MATERIAL FOR THIS TASK Block Start
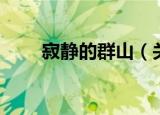 寂静的群山（关于寂静的群山介绍）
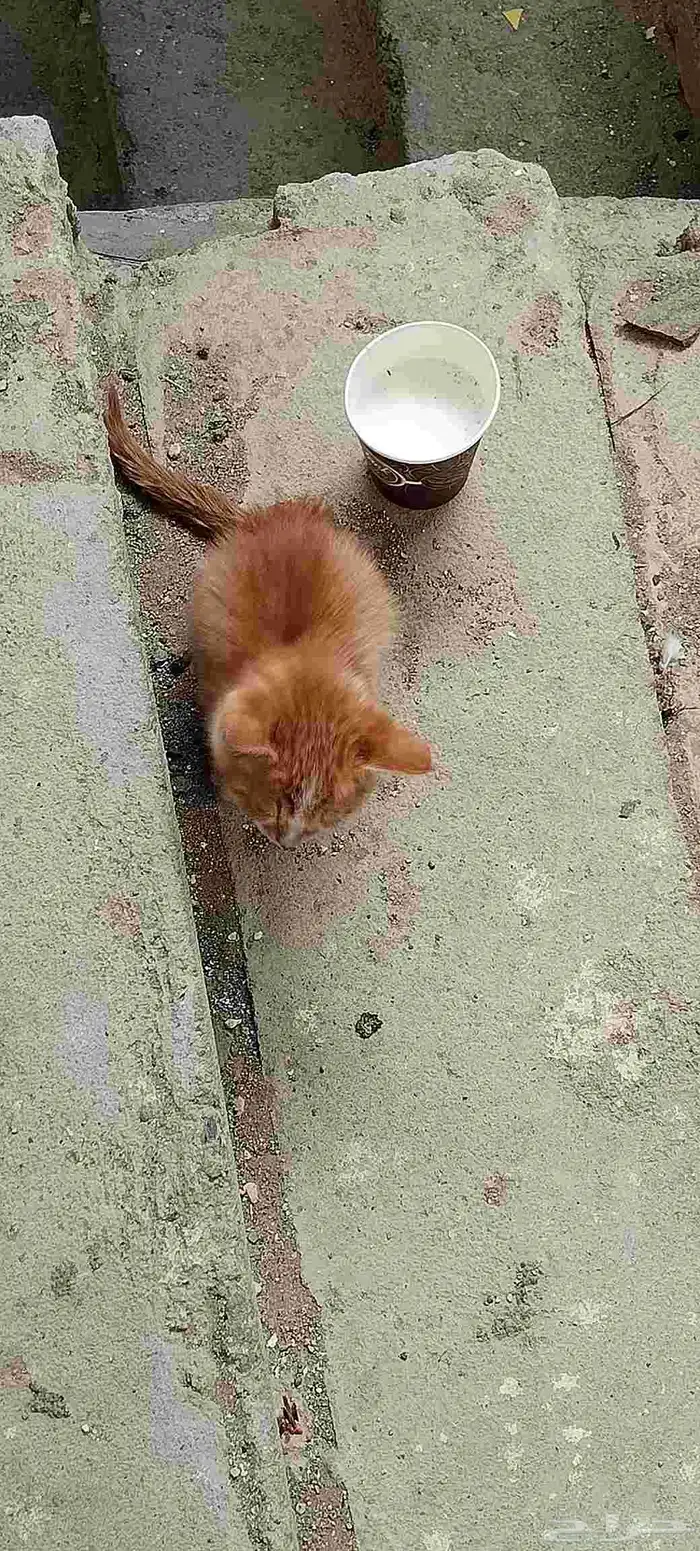 قطه لتبني 3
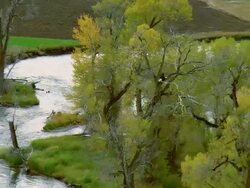 Low altitude aerial shot of a Bald Eagle flying over the Gallatin River near Bozeman, MT then landing in a tree Stock Footage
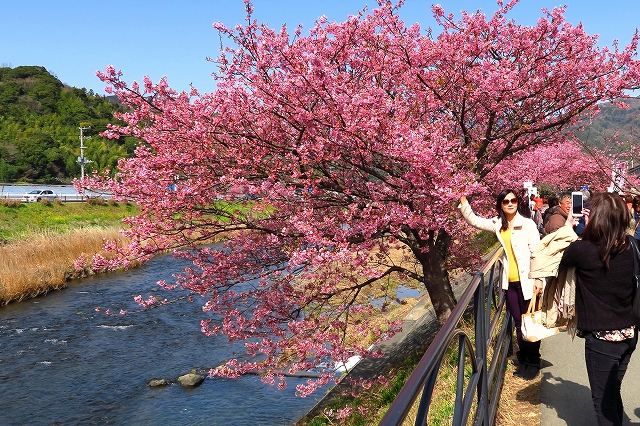 河津桜-2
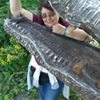 Profilbild von Heike Kroll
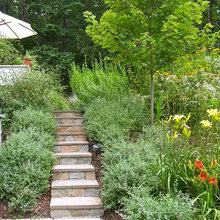GP Landscape Design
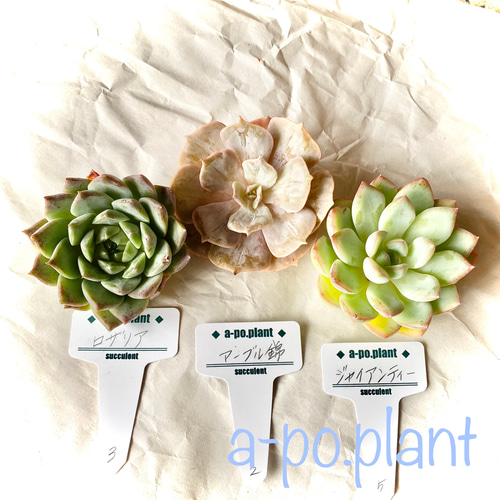 多肉植物カット苗気まぐれセット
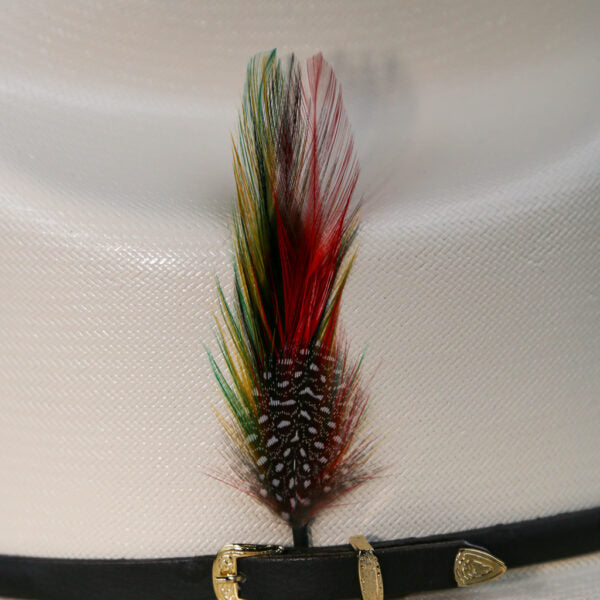 Hat Feather/Pluma Para Sombrero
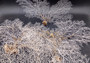 White Sea Fan Coral (1 fan approx. 12-13+ inches) Adorable sea fan for any coastal projects or as a collection addition!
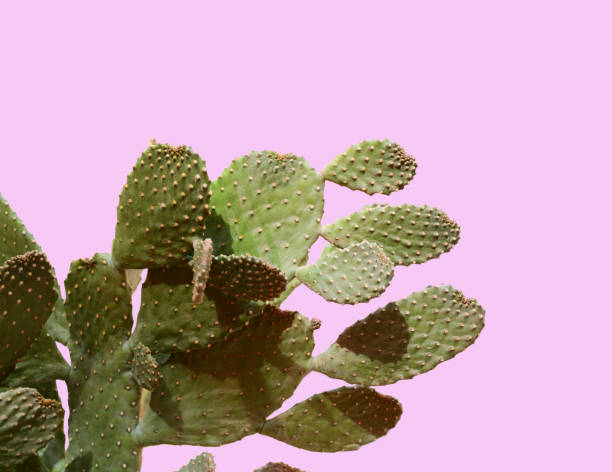 istock Opuntia cactus. Creative layout. Minimal style still life. 878689832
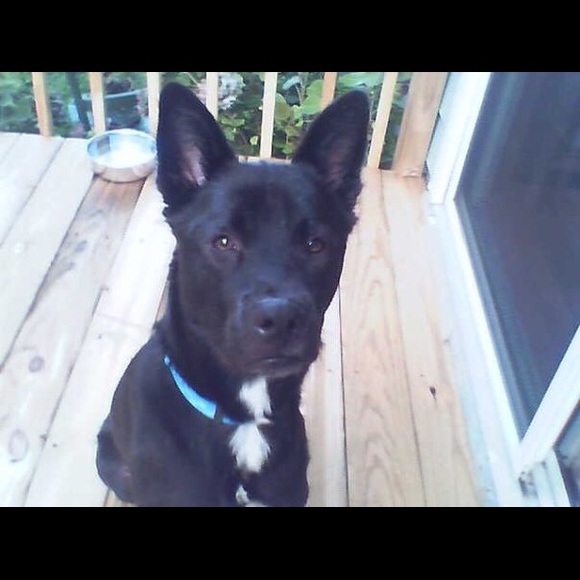 Meet your Posher, Brittany - Picture 1 of 1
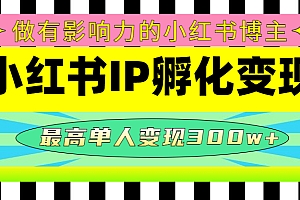 某收费培训-小红书IP孵化变现:做有影响力的小红书博主,最高单人变现300w+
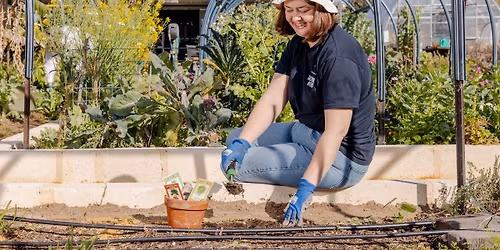 Composting and Worm Farming Workshop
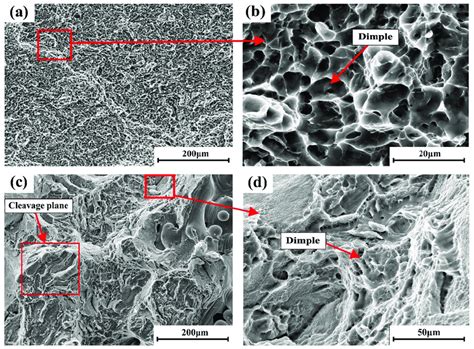 Sem Images Of Fracture Morphology Of Tensile Testing A Thermally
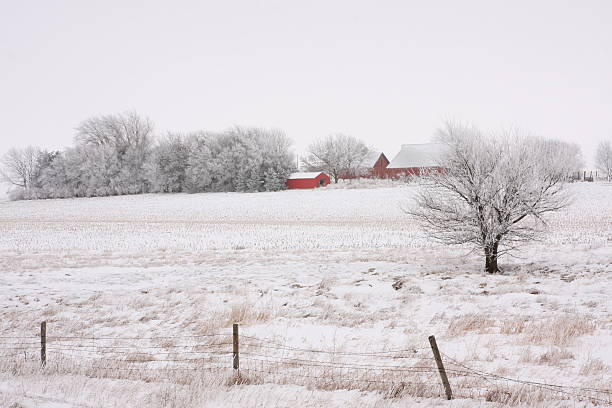 parete e iowa farmstead frosty - corn snow field winter foto e immagini stock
MATERIAL FOR THIS TASK Block End
= WORK REQUEST =
Please reproduce exactly and only the lines from the first line of the records through the line containing "Composting and Worm Farming Workshop", both included, omitting any pictures.

= RESULT =
 寂静的群山（关于寂静的群山介绍）
 قطه لتبني 3
 Low altitude aerial shot of a Bald Eagle flying over the Gallatin River near Bozeman, MT then landing in a tree Stock Footage
 河津桜-2
 Profilbild von Heike Kroll
GP Landscape Design
 多肉植物カット苗気まぐれセット
 Hat Feather/Pluma Para Sombrero
 White Sea Fan Coral (1 fan approx. 12-13+ inches) Adorable sea fan for any coastal projects or as a collection addition!
 istock Opuntia cactus. Creative layout. Minimal style still life. 878689832
 Meet your Posher, Brittany - Picture 1 of 1
 某收费培训-小红书IP孵化变现:做有影响力的小红书博主,最高单人变现300w+
 Composting and Worm Farming Workshop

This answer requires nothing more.